THANK YOU, to everyone, for supporting this!
2022 Chardonnay ~$36
I believe this is only the second time they’ve released single-vineyard Chardonnay. Yes, this is basically Long Island Montrachet. As with the previous time, the grapes come from Matta Bella in Southold, Long Island. Again, the grapes had about three weeks worth of skin contact before going into barrel. This is a deep Chardonnay, with melon and spice, though there’s a lively green edge to the wine, a needle-fresh pine note that gives the wine energy and lift.
2022 Rosé ~$29
From a tiny unnamed site deep in Long Island, rich with clay and glacial deposits, comes this Merlot-based rosé.

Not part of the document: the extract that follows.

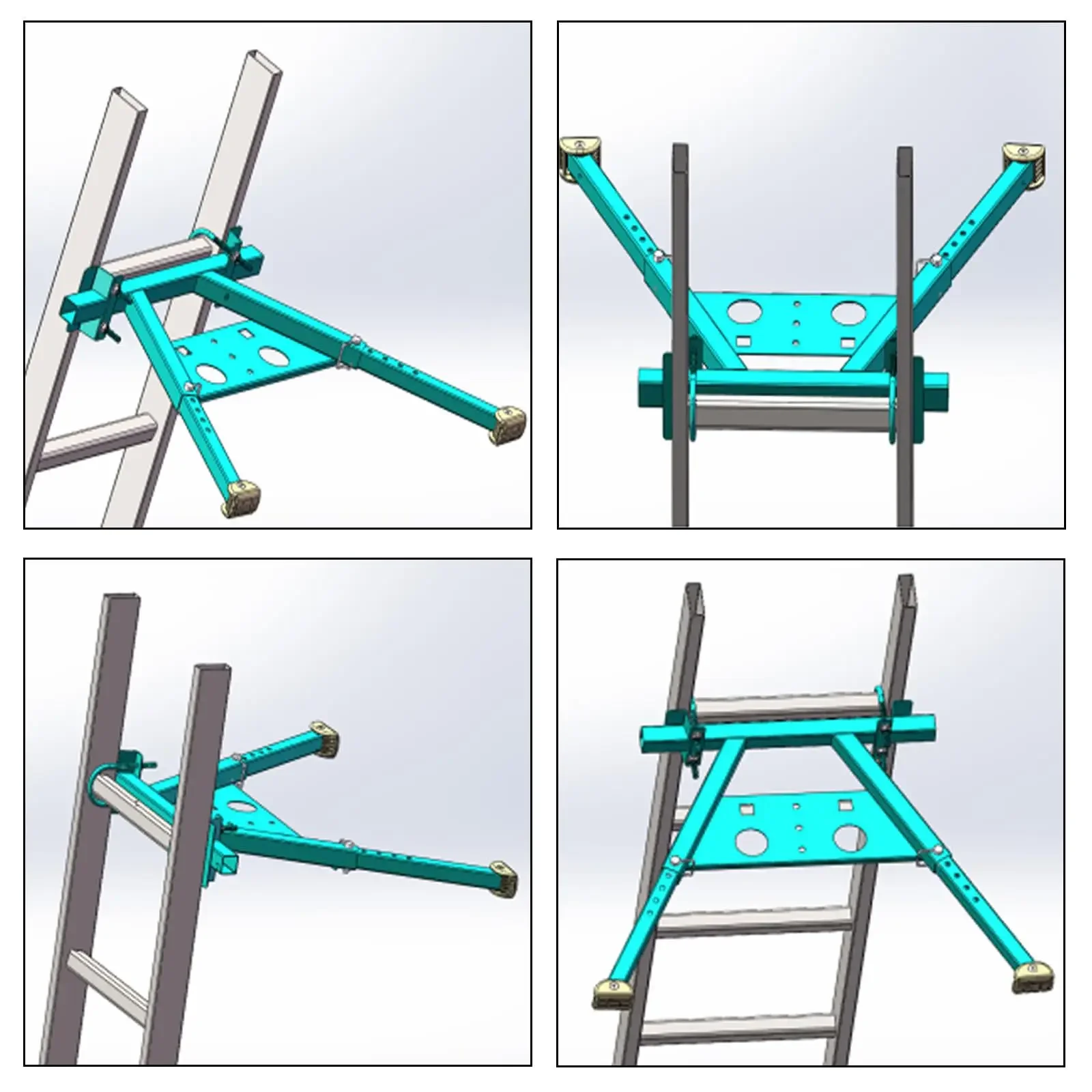 Ladder stabilizers for roofs, ladder supports, telescopic ladder stabilizers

A perfect winter rosé, the wine has juicy red fruit with soil tones. It has a swagger, fresh, but sexy too, all herbal and savory, saffron and salt and mineral. I like the glowing quality of it – beautiful color. Soulful wine.
2022 Cabernet Franc ~$34
They direct-pressed about half of this wine (the other half had some maceration) and so the wine reads ultra-light and fresh. At 12% on the label, the wine reads more 11.5% – it is light and fresh almost like a white wine, though the palate is awash in a tart and soil-inflected red fruit. The back-end of the palate reveals the wine’s Cabernet-Franc-ness, with spice and pepper. Long Island meets Loire meets Savoie? Maybe something like this. Only 300 liters made.
2022 Petit Verdot ~$34
Erik and Benford are doubling down on Petit Verdot. I’d write something like, “Make Petit Verdot great again,” but my hope is that those jokes are finally done for. This is super compelling and if someone were to try and make an argument for Petit Verdot on Long Island, well, here you go. The wine is bull’s blood, dank near inky in color; the fruit profile matches these tones, with dark blackberry and plum edged by pepper, dried spices leather and dried tobacco. But what I really love about the wine is the energy, the satiny textural and super-fine tannins. This is a star.
2022 Merlot ~$34
Since the beginning Erik has had an obvious thing for Merlot – obviously Long Island has a thing for Merlot. Yet Floral Terranes always gives the wine its own signature. My sense is that this is the wine they baby the most, with daily loving punch downs, etc. What to say? This is deeply plummy and Merlot-y, textural yet there is also the brightness of red fruit, a wonderful bounce for such a mouth-coating and deeply satisfying wine. Yum.